• To do: Your answer should be every line of the entries that has the string "Black" in it.

= = =

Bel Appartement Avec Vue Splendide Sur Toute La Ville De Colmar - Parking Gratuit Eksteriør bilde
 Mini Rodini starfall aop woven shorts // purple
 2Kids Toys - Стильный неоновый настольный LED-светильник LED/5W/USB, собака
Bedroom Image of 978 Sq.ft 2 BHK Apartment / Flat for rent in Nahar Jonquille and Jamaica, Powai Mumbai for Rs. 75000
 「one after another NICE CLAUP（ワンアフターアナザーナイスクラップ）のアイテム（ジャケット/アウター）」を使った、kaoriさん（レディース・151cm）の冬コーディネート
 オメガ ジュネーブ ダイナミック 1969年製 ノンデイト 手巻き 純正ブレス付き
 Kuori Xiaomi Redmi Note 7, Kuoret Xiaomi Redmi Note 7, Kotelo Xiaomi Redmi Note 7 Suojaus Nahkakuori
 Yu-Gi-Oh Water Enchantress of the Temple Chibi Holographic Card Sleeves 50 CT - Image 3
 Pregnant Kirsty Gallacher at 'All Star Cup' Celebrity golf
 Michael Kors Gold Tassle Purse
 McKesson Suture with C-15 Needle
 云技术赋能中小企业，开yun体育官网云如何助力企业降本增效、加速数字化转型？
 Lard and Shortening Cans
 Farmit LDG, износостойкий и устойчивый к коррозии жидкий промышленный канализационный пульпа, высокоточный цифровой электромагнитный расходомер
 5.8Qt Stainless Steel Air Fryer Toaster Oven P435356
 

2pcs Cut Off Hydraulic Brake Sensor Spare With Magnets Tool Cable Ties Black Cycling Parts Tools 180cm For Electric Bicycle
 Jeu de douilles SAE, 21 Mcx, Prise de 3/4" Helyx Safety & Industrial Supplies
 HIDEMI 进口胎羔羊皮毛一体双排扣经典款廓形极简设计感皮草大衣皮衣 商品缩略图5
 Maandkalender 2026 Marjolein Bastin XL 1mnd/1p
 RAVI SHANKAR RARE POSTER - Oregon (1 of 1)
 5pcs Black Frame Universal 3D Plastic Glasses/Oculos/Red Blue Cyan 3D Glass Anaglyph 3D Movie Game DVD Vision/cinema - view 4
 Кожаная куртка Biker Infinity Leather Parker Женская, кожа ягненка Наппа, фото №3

= = =

• Output of the exercise:
2pcs Cut Off Hydraulic Brake Sensor Spare With Magnets Tool Cable Ties Black Cycling Parts Tools 180cm For Electric Bicycle
 5pcs Black Frame Universal 3D Plastic Glasses/Oculos/Red Blue Cyan 3D Glass Anaglyph 3D Movie Game DVD Vision/cinema - view 4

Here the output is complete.